Évidemment, on peut remonter la chaîne causale et poser des pourquoi supplémentaires. En suivant toujours le même exemple, on peut se demander pourquoi telle force se manifeste et quelle en est la cause. Et si l’on peut répondre à cette question, il sera facile d’en poser une nouvelle, de même nature mais à un niveau plus profond. L’explication n’est jamais totale ; elle ne peut pas l’être, puisqu’il faut nécessairement partir de « quelque chose », de quelques principes de base à partir desquels se développe l’explication. D’ailleurs, quelle que soit la démarche suivie, qu’elle soit scientifique, philosophique ou autre, il sera toujours possible de prolonger les pourquoi et cela, indéfiniment.

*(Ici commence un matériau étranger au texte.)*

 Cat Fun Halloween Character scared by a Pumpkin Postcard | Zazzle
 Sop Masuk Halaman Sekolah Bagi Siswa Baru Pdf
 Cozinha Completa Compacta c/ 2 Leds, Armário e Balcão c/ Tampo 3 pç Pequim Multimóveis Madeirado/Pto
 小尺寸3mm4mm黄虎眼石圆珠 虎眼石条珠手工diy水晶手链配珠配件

En réalité, la science répond à une suite de pourquoi et de comment ; elle approfondit continuellement son explication, en sachant bien qu’elle ne pourra jamais la terminer. Il n’y a pas, il ne peut y avoir de dernière réponse.

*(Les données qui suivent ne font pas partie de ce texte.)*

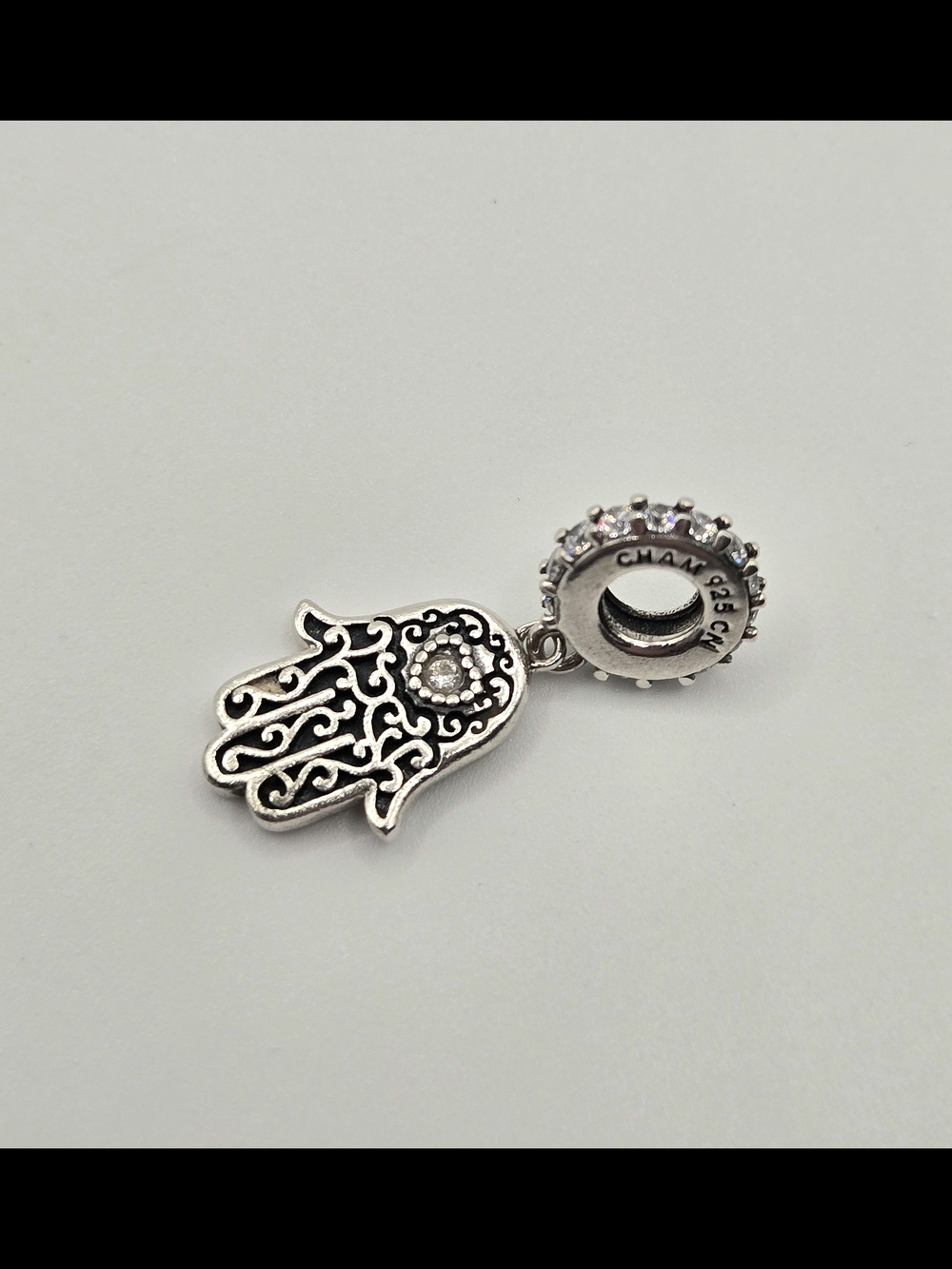 Chamilia Hamsa Hand Dangle Charm | Sterling Silver 925 | Swarovski Crystal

La méthode scientifique est universelle

Pour établir ces chaînes causales et pour les structurer suivant des lois, la science utilise une méthode rigoureuse appelée méthode scientifique. Lorsqu’on parle de « la » science, on veut expressément englober toutes les sciences. Évidemment, les difficultés rencontrées sont très différentes, suivant les domaines étudiés, et, à première vue, on pourrait penser à des méthodes différentes. Cependant, au fur et à mesure que la science a étendu son champ d’activité, il est apparu clairement que c’était toujours la même méthode qui devait être utilisée pour arriver à une connaissance de plus en plus générale et de mieux en mieux structurée. Cette méthode universelle est « la » méthode scientifique.

C’est à tort que certains croient encore que cette méthode ne peut être employée que dans les sciences dites « exactes » ; cette conception est trop limitative ; elle oublie que toute science commence par un stade empirique et que la méthode scientifique comprend tous les stades d’une lente progression vers plus de connaissance et plus de généralité.

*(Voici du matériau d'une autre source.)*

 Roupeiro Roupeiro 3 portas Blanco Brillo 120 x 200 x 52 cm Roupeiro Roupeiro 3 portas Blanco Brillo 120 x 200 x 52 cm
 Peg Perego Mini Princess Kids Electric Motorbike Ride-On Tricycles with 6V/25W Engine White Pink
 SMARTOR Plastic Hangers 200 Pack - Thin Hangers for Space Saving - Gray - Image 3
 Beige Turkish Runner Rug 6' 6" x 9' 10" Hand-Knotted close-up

Pour analyser cette méthode dans son intégralité et dans toutes les phases de son développement, il convient de se référer, en premier lieu, à des domaines où la science est déjà très élaborée. Cependant, le fait qu’une science soit plus avancée qu’une autre n’établit pas de hiérarchie entre celles-ci ; cela signifie seulement que les difficultés rencontrées dans la première étaient moins grandes ou, ce qui revient au même, que les moyens d’investigation étaient plus faciles à mettre en œuvre.

Par conséquent, dans notre analyse de la méthode scientifique, nous nous référerons très souvent à la physique qui, parmi les sciences de la nature est certainement la plus élaborée. Par contre, les problèmes posés par les sciences humaines sont beaucoup plus complexes.

Examinons la profonde transformation méthodologique qui a permis, à travers l’histoire, de développer une science objective, après des siècles d’un savoir essentiellement subjectif. Nous voulons surtout dégager les conditions qui ont permis l’émergence d’une méthode conduisant à une connaissance objective 1.

L’empirisme initial

Aussi loin qu’on puisse remonter dans le temps, on constate que les premiers rudiments de science sont inséparables d’une certaine technique, donc de préoccupations utilitaires. Il fallait mesurer une distance, la superficie d’un champ, le volume d’un liquide ; il fallait partager des objets. Ces mesures faisaient intervenir des nombres et des formes ; il était normal de voir apparaître des notions d’arithmétique et de géométrie, limitées, le plus souvent, à des procédés de calcul. Il fallait aussi mesurer l’écoulement du temps, suivre l’inclinaison du soleil, prévoir les saisons, surveiller les phases de la lune et la position des étoiles ; ainsi naissait l’astronomie.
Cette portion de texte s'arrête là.